Misterinya itulah yang membuat Padangpatu tetaplah berdiri kokoh dan tak terjamah sampai sekarang ini. Mungkin di dalam perutnya tersimpan berbagai macam bebatuan mulia seperti emas dan lain sebagainya yang tidak bisa dieksplorasi karena kekuatan mistis yang dipunyainya. Pun dengan misterinya itu, kecantikan alam Pujananting tetaplah terpelihara dari tangan-tangan penguasa dan pengusaha yang tidak bertanggungjawab merusak keasrian alam.
Kekuatan mistis Padangpatu turut menjaga kelestarian hutan yang ada di sekitarnya. Sejauh mata memandang, pohon-pohon besar bernilai milyaran rupiah yang jika dieksploitasi berdiri dengan kokohnya dan menjulang ke langit dan turut menjaga persediaan air yang mengalir di sungai-sungai yang ada di bawahnya.

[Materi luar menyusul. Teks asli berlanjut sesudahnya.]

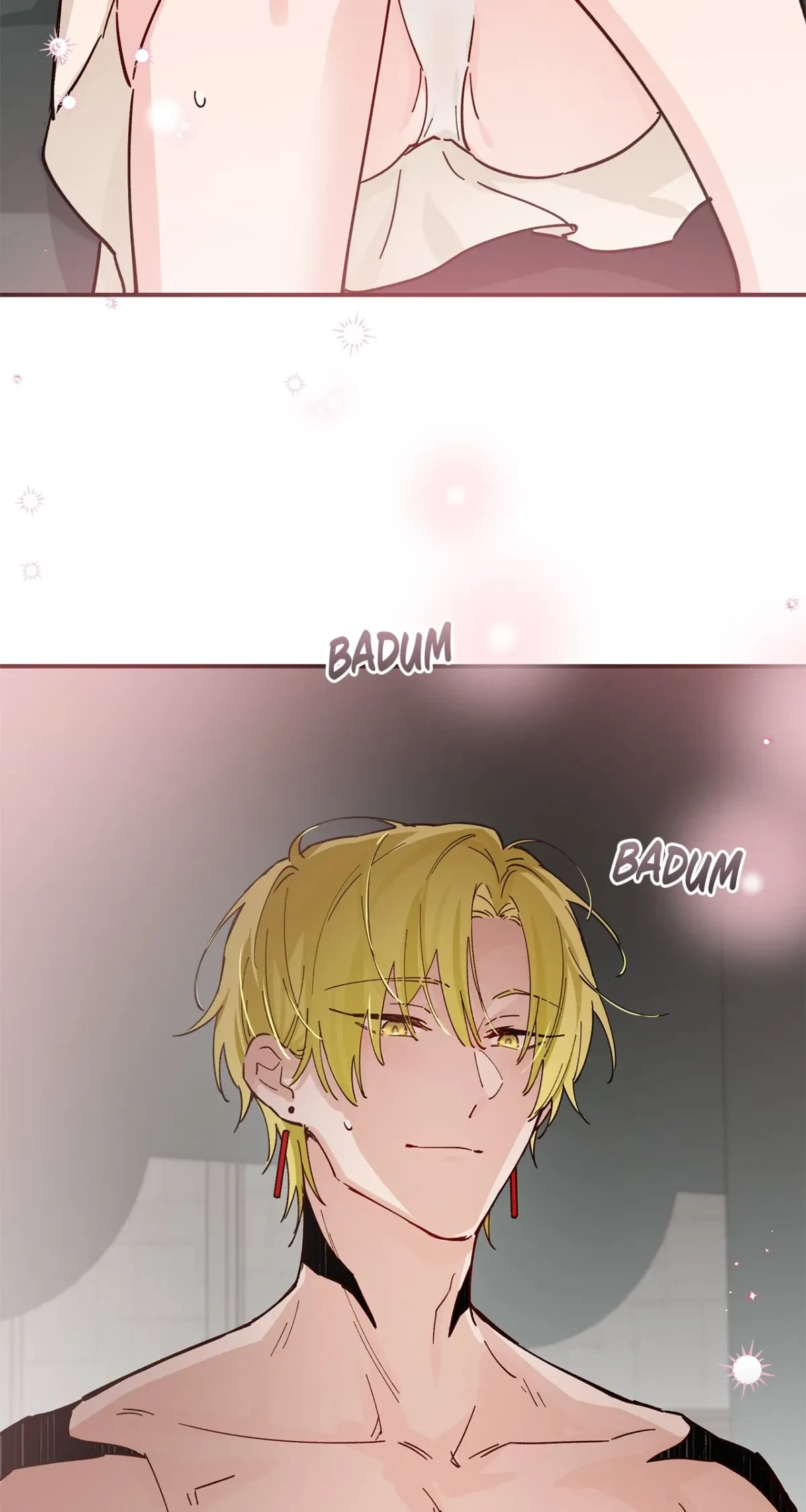 Chapter 6, page 82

Padangpatu merupakan salah satu aset tak ternilai di Pujananting yang jika dikelola dengan baik akan menghasilkan devisa bagi Desa Pujananting. Pengelolaannya bukan dengan cara mengeksploitasi dan merusak segala sesuatu yang ada di Padangpatu namun dijadikan salah satu obyek wisata yang jika ditata dengan baik tidaklah kalah menariknya jika dibandingkan dengan obyek serupa yang pernah Aku datangi di kabupaten Sinjai yaitu Gunung Gojeng yang merupakan situs prasejarah dan Buntukabobong yang ada di kabupaten Enrekang.
Pemandangan Indah dari Puncak Padangpatu yang indah merupakan daya tarik tersendiri bagi orang-orang kota yang haus akan alam bebas. Jika di Jawa Barat ada kawasan Puncak yang selalu ramai dikunjungi setiap akhir pekan, di Pujanantingpun banyak kawasan yang serupa itu yang layak untuk dikunjungi, termasuk salah satunya adalah Puncak Padangpatu ini.
Akhirnya dengan mengucap syukur atas segala keindahan yang telah diperlihatkan kepadaku, Aku segera turun dari Puncak Padangpatu karena sudah hampir 30 menit Aku menunggu, mereka bertiga tidak muncul-muncul juga. Tapi setidaknya jika SMS ku dibaca, mereka akan tahu kalau Aku sudah turun duluan.